Problem details
Without omitting anything, return the records precisely as given.

Data provided
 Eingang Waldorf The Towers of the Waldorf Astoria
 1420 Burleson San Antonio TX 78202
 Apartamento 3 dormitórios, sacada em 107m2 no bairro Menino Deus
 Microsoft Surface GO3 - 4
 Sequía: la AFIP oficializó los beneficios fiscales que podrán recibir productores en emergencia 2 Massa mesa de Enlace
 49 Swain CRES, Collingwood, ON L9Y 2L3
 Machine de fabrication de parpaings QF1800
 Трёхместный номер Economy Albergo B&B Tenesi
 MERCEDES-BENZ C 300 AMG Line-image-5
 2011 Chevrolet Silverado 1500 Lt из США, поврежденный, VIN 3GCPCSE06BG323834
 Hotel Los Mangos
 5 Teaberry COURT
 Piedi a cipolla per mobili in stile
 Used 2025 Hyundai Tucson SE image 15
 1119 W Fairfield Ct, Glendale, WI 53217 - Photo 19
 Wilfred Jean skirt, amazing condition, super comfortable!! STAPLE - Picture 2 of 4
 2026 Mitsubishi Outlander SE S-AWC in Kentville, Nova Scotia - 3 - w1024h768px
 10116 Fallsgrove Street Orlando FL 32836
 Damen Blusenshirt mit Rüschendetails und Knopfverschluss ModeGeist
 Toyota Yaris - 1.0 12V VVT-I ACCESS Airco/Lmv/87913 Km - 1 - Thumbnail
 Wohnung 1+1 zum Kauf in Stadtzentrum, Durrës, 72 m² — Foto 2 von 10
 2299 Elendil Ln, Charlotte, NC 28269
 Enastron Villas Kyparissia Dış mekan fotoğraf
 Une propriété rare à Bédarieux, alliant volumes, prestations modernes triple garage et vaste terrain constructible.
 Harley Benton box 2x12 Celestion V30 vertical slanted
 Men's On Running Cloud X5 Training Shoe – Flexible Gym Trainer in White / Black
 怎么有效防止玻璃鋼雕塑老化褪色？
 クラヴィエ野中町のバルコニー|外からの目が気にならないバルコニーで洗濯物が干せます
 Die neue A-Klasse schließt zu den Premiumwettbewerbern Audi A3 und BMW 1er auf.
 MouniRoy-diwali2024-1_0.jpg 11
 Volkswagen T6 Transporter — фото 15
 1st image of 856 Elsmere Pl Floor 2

Response to the exercise
 Eingang Waldorf The Towers of the Waldorf Astoria
 1420 Burleson San Antonio TX 78202
 Apartamento 3 dormitórios, sacada em 107m2 no bairro Menino Deus
 Microsoft Surface GO3 - 4
 Sequía: la AFIP oficializó los beneficios fiscales que podrán recibir productores en emergencia 2 Massa mesa de Enlace
 49 Swain CRES, Collingwood, ON L9Y 2L3
 Machine de fabrication de parpaings QF1800
 Трёхместный номер Economy Albergo B&B Tenesi
 MERCEDES-BENZ C 300 AMG Line-image-5
 2011 Chevrolet Silverado 1500 Lt из США, поврежденный, VIN 3GCPCSE06BG323834
 Hotel Los Mangos
 5 Teaberry COURT
 Piedi a cipolla per mobili in stile
 Used 2025 Hyundai Tucson SE image 15
 1119 W Fairfield Ct, Glendale, WI 53217 - Photo 19
 Wilfred Jean skirt, amazing condition, super comfortable!! STAPLE - Picture 2 of 4
 2026 Mitsubishi Outlander SE S-AWC in Kentville, Nova Scotia - 3 - w1024h768px
 10116 Fallsgrove Street Orlando FL 32836
 Damen Blusenshirt mit Rüschendetails und Knopfverschluss ModeGeist
 Toyota Yaris - 1.0 12V VVT-I ACCESS Airco/Lmv/87913 Km - 1 - Thumbnail
 Wohnung 1+1 zum Kauf in Stadtzentrum, Durrës, 72 m² — Foto 2 von 10
 2299 Elendil Ln, Charlotte, NC 28269
 Enastron Villas Kyparissia Dış mekan fotoğraf
 Une propriété rare à Bédarieux, alliant volumes, prestations modernes triple garage et vaste terrain constructible.
 Harley Benton box 2x12 Celestion V30 vertical slanted
 Men's On Running Cloud X5 Training Shoe – Flexible Gym Trainer in White / Black
 怎么有效防止玻璃鋼雕塑老化褪色？
 クラヴィエ野中町のバルコニー|外からの目が気にならないバルコニーで洗濯物が干せます
 Die neue A-Klasse schließt zu den Premiumwettbewerbern Audi A3 und BMW 1er auf.
 MouniRoy-diwali2024-1_0.jpg 11
 Volkswagen T6 Transporter — фото 15
 1st image of 856 Elsmere Pl Floor 2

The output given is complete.